I have long envisioned myself as a descendant of pioneer people. I’m not sure the actual method my by which my ancestors delivered themselves to the prairies, but on our family farm there were traces of a time long since passed, when wagons would circle. In my early years roaming our land, both for amusement and to ward off boredom, I would speculate how, or why they came here.
I recon, because one should say recon when referencing the past, these hearty folks had a number of traits they passed down to us as prairie dwellers. We are independent, brave and resourceful. Somewhere deep inside us, we just know how to survive difficult situations, to find solutions to challenges, and to dig deep for optimism and hope.
I also speculate we are programmed with wanderlust. We seize the day and all its opportunities. We go into uncharted territory and want to see what is out in the world. We venture into the unknown to blaze a trail, scale a summit, or for the gift of seeing a simple sunset. Yes, I romanticize just about everything.
This pioneering spirit has surged me forward in many aspects of life. I want to know what I’m made of. I want to learn and understand, so I continue my education. I want to push my mind to explore new concepts, ideas and ideologies. I want to flex my brain and let it grow in knowledge.
I want to push my body and see what it is capable of. This has led a girl who was told she was useless in grade-school gym class to reach multiple marathon and Ironman finish lines. It also led me to the realization there is more than one way to get there.
A triathlon coach told me once that during a race I’d be overtaken by many people of all ages and physical descriptions. He said no matter how tempting it was to surge after them, to stick to my own race plan. He said I’d pass some of them on the run, when the day became long, spirits were weary and energy supplies were low. But even then, the other person would not matter, because it was still just my race. It was my journey. It was my effort that would propel me to the end. It was my will and heart and sweat that would allow me to take that last step so I could hear my name and the words, “you are an Ironman.” The lesson was: there are a lot of people in the race and every single one of them will get to the end a different way–in their own way.
There is no right or wrong way to get where you are going.
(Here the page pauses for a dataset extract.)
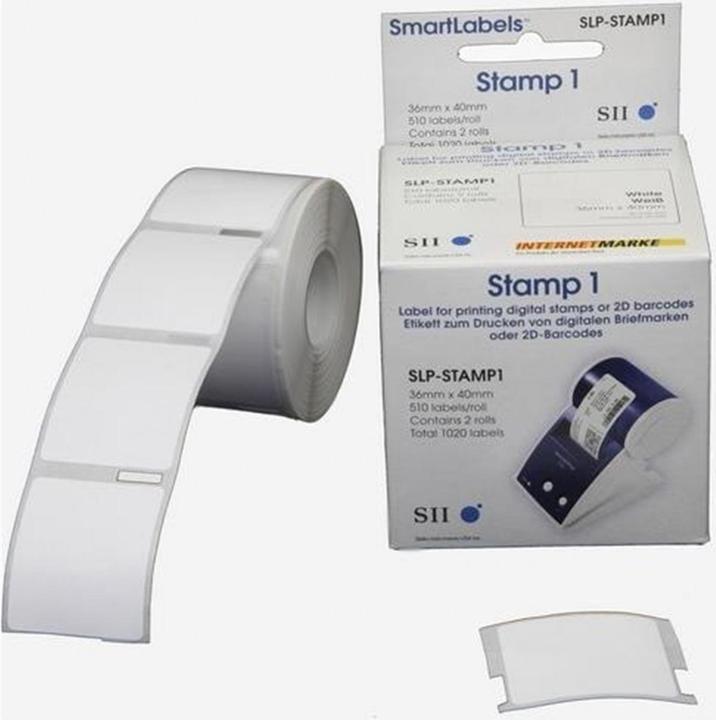 Produktbild Seiko SLP-Stamp1 Briefmarkenetiketten, 2 Rollen à 510 Etiketten (4.20 cm)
Life is an individual trip and an experiment at best, with some acquired wisdom to guide you. Nobody can tell you what is best for you. You need to drive your own wagon down the dusty trail and explore your own horizons your own way. The thing I learned when I was training is that the finish line was just one moment and it wasn’t even the most important thing. It was all of the other moments and effort and experiences that led up to it that made it amazing.
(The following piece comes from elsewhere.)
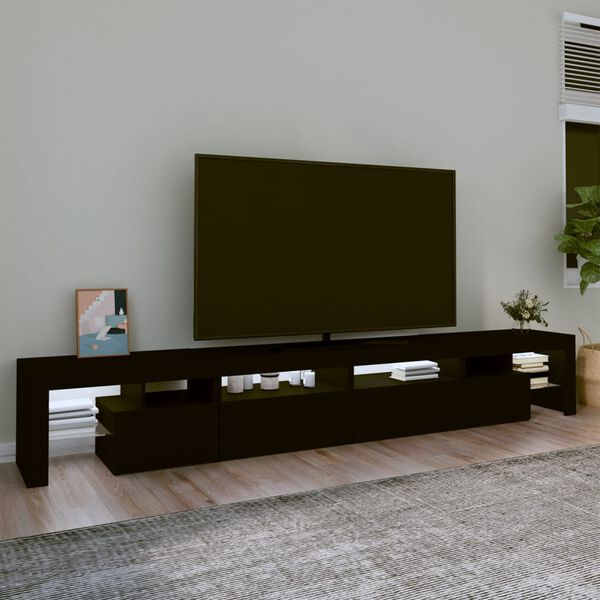 vidaXL TV-benk med LED-lys svart 260x36,5x40 cm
In the words of Ralph Waldo Emerson: “It’s not the destination, it's the journey.”
This situation we are all experiencing might be imposed on us, but it will forever be part of our collective and individual stories. It will imprint on us and will factor into many things going forward. I feel there is an opportunity in the pause to make a game plan for our future. Then, when we are released back out into the world and are free, we will be primed and ready at the starting line of a brand new race. One with infinite possibilities, new limits to test, and a road in front of us just waiting to be explored.